• [Problem details] From the data below, copy exactly the lines that lie between the one holding "Corsair iCUE LINK" and the one holding "Natural Ashwari Basket", including both, and nothing more.

Segment Start: The records

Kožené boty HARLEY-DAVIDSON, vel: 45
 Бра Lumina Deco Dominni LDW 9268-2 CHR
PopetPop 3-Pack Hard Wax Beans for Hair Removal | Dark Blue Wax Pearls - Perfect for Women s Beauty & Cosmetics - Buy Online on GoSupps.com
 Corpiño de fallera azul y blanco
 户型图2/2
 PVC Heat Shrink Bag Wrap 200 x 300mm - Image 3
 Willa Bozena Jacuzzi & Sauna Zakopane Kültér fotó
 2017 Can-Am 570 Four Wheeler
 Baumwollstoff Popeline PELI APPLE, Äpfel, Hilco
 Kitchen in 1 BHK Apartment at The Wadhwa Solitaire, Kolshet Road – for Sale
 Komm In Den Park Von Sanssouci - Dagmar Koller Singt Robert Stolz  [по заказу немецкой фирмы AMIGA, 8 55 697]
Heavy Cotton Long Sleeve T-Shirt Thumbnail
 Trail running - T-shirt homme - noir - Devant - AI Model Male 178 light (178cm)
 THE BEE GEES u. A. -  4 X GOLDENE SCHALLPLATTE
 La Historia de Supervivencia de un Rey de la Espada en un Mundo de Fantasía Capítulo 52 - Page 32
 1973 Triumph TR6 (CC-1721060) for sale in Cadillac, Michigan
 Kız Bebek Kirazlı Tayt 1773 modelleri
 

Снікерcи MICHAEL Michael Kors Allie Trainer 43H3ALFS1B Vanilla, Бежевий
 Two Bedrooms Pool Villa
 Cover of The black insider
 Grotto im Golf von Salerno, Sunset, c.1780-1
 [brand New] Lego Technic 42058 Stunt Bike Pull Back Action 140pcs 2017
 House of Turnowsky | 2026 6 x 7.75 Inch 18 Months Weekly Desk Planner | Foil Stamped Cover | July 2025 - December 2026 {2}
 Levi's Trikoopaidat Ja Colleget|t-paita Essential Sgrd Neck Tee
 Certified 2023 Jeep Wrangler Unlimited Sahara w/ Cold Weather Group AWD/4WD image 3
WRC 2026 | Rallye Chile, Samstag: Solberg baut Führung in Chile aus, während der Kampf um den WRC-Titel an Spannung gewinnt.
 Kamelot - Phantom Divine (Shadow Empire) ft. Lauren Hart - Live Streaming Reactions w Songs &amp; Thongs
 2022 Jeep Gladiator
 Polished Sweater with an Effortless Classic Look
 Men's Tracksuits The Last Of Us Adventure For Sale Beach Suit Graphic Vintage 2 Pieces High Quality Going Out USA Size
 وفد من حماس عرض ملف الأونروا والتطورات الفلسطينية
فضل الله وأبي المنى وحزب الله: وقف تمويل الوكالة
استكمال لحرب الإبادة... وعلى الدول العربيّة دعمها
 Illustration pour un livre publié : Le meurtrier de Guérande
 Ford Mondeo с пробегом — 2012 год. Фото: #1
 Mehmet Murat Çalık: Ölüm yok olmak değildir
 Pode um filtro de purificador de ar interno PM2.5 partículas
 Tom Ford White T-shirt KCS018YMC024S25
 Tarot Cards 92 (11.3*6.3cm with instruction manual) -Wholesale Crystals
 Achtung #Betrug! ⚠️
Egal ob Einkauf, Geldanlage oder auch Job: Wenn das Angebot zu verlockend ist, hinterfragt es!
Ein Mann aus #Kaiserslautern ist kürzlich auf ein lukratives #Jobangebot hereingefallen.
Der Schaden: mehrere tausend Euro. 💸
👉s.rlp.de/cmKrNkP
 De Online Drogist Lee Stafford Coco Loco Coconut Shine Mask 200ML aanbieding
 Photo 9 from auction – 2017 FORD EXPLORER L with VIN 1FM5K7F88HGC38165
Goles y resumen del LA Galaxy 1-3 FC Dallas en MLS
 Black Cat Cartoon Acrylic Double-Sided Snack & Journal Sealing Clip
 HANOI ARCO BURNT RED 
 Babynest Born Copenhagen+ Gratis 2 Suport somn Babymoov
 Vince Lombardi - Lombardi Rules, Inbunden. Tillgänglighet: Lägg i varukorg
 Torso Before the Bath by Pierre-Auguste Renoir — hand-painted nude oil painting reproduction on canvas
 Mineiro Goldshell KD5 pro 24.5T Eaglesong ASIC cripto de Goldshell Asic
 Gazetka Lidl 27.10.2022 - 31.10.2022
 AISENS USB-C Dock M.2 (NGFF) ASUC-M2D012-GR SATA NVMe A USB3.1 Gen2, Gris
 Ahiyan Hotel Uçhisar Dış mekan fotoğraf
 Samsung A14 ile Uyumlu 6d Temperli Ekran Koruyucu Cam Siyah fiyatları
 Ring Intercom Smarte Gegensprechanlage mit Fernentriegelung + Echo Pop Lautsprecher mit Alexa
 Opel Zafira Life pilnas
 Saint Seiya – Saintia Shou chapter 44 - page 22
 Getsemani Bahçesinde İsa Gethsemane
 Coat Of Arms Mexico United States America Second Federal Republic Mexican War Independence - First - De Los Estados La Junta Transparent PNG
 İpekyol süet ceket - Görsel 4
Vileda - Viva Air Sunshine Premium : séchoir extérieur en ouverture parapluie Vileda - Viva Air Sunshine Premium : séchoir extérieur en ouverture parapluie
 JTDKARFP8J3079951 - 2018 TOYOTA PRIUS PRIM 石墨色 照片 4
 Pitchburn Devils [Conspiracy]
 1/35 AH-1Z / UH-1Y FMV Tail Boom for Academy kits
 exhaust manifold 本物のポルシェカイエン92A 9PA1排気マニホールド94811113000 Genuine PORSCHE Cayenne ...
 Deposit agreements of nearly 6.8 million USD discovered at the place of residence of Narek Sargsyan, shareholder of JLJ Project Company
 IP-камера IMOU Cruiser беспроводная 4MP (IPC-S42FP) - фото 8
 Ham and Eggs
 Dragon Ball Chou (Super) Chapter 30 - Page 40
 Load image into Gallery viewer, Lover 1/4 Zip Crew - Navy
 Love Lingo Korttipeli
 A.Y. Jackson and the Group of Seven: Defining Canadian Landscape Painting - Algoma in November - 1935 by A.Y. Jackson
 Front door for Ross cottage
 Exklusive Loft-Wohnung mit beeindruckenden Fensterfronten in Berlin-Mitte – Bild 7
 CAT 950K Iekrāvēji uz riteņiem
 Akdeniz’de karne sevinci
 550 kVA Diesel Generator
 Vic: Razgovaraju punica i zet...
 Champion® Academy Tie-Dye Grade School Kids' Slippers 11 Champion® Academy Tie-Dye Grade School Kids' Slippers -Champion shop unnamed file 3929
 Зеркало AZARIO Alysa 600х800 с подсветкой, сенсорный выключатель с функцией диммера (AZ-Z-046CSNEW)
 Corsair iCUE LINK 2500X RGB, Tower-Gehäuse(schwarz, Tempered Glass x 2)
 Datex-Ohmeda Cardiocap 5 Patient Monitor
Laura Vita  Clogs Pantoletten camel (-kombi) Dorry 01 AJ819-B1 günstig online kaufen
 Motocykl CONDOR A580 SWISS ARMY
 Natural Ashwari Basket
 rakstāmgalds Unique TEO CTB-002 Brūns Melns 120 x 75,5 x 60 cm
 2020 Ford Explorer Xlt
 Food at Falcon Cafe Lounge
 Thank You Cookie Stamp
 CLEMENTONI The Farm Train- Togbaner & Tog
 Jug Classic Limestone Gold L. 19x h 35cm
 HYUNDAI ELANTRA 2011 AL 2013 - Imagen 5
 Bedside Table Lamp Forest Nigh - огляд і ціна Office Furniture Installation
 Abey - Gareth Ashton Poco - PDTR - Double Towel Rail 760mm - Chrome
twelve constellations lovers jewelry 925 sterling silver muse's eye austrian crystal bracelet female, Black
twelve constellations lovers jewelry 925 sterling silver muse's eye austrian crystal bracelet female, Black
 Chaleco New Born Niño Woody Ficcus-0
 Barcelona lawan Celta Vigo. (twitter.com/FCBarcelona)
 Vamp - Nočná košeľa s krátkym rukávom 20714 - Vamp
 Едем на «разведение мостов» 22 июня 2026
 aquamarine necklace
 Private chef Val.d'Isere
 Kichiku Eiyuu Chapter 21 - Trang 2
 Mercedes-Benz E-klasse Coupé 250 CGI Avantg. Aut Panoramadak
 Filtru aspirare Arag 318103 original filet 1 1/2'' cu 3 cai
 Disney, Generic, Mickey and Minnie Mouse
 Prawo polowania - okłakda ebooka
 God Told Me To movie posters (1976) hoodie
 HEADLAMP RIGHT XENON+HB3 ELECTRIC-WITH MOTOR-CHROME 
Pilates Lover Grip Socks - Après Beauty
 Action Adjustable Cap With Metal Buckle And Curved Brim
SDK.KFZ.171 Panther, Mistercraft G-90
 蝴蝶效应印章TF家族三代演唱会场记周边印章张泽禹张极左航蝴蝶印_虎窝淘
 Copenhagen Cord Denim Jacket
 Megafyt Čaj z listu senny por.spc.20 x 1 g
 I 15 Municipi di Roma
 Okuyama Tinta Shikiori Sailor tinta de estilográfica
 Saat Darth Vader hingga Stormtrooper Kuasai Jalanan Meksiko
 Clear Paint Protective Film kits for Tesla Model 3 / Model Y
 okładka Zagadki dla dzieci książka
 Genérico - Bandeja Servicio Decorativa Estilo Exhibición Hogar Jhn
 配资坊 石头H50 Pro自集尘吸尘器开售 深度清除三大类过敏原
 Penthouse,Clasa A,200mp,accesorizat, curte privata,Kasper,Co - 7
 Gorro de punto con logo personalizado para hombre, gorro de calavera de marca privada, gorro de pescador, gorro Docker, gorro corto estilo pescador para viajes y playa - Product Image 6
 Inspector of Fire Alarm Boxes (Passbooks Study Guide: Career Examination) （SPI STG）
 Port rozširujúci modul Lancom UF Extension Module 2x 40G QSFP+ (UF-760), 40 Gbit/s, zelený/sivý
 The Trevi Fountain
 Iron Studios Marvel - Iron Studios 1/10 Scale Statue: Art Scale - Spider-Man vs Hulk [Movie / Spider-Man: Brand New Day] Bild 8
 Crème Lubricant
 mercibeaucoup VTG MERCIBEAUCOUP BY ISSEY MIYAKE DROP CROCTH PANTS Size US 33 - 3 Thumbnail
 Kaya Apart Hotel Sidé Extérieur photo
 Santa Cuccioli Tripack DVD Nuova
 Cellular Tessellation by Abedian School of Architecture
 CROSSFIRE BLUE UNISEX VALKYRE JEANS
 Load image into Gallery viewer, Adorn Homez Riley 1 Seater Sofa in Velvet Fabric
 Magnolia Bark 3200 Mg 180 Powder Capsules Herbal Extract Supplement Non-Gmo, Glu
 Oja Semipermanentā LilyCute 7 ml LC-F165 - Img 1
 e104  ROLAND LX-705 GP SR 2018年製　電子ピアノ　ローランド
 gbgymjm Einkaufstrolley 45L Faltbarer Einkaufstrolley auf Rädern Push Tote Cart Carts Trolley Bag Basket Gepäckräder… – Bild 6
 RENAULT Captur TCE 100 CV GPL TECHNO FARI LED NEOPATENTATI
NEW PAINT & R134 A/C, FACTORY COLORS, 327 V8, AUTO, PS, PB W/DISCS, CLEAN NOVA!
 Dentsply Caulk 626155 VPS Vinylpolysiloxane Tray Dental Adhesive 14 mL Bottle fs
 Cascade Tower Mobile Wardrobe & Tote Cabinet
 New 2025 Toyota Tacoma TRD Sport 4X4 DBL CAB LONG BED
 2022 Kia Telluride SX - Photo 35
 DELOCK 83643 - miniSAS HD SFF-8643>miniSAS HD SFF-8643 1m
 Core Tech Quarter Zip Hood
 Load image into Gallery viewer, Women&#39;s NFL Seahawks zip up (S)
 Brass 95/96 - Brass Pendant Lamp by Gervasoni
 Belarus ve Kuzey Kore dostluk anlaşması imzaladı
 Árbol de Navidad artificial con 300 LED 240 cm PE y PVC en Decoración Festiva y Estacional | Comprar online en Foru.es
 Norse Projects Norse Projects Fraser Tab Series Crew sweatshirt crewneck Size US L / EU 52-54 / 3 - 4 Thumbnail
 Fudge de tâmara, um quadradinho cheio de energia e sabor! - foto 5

Segment End: The records

• [Solved problem]
 Corsair iCUE LINK 2500X RGB, Tower-Gehäuse(schwarz, Tempered Glass x 2)
 Datex-Ohmeda Cardiocap 5 Patient Monitor
Laura Vita  Clogs Pantoletten camel (-kombi) Dorry 01 AJ819-B1 günstig online kaufen
 Motocykl CONDOR A580 SWISS ARMY
 Natural Ashwari Basket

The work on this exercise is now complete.